À son départ, nous prîmes chacun notre verre et trinquâmes à cette rencontre. Chose faite, nous bûmes la première gorgée, qui manqua de me faire tousser tant l’alcool contenu était démesurément élevé. En même temps, à quoi d’autre pouvais-je m’attendre en avalant une larme de Fée Verte ? Cette boisson dépassait aisément les quarante-cinq degrés et provoquait des ravages reconnus sur les organes lors d’une consommation excessive.

— Vous êtes français ? demandai-je sans trop savoir comment aborder la conversation. Vous êtes de Paris ?

— La première est exacte, dit-il en buvant une seconde gorgée, quant à la seconde, non, je suis monté avant-hier, à Lille. Je suis d’Halluin.

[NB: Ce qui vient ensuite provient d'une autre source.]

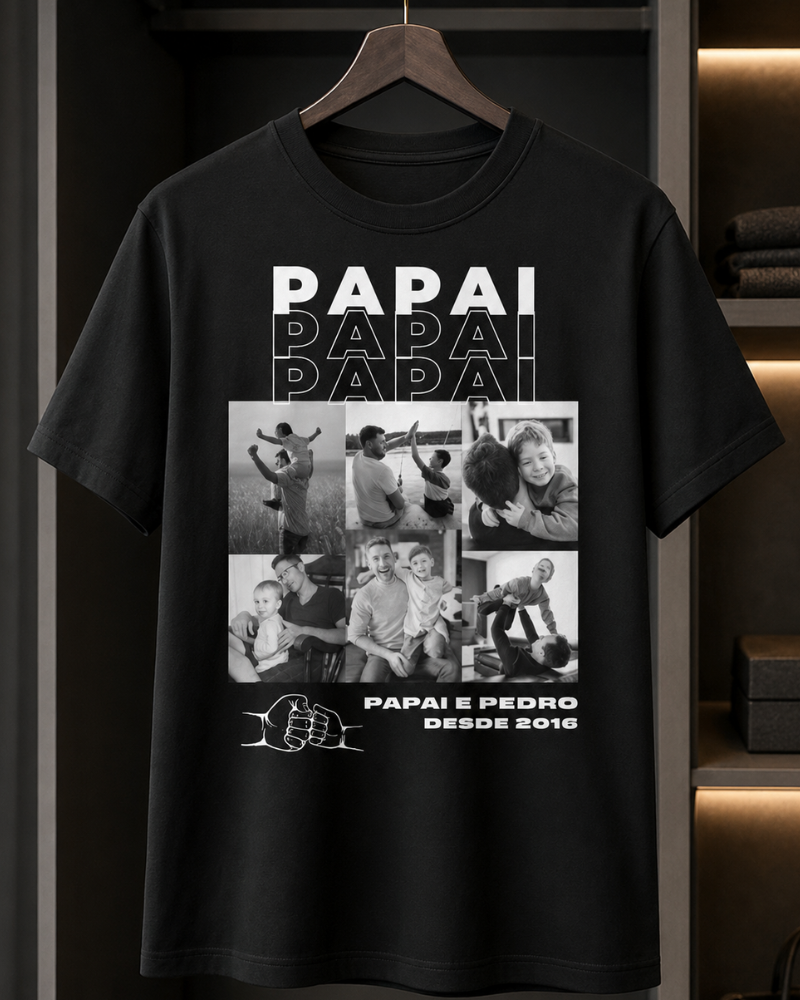 Para Sempre do Papai (e Vovô)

— Halluin ? Je ne connais pas.

— C’est normal, il s’agit d’un ancien duché en périphérie de Lille. La commune compte à peine seize mille habitants.

Il planta à nouveau ses yeux dans les miens et afficha une moue songeuse, fronçant légèrement ses sourcils :

— Il ne me semble pas vous avoir aperçu avant ce midi, je présume que vous êtes monté à bord ce matin. Et pour votre accent si particulier, je dirais que vous êtes originaire de la Bourgogne. Bien que, au vu de votre accoutrement très citadin et de vos gestes maniérés, je préciserai que cela fait quelque temps que vous séjournez en région parisienne. Étudiant ?

Je fus ébahi par son aplomb.

— Monsieur est perspicace ! Non, je ne suis plus étudiant, j’ai arrêté mon cursus littéraire l’an dernier, juste après avoir validé ma licence, pour me consacrer à l’écriture à plein temps. J’aspire à devenir romancier. Et vous, que faites-vous dans la vie ? ne pus-je m’empêcher de demander.

— Je suis vétérinaire, spécialisé dans le domaine équin.

— Cela explique votre passion pour les jeux hippiques ? ricanai-je.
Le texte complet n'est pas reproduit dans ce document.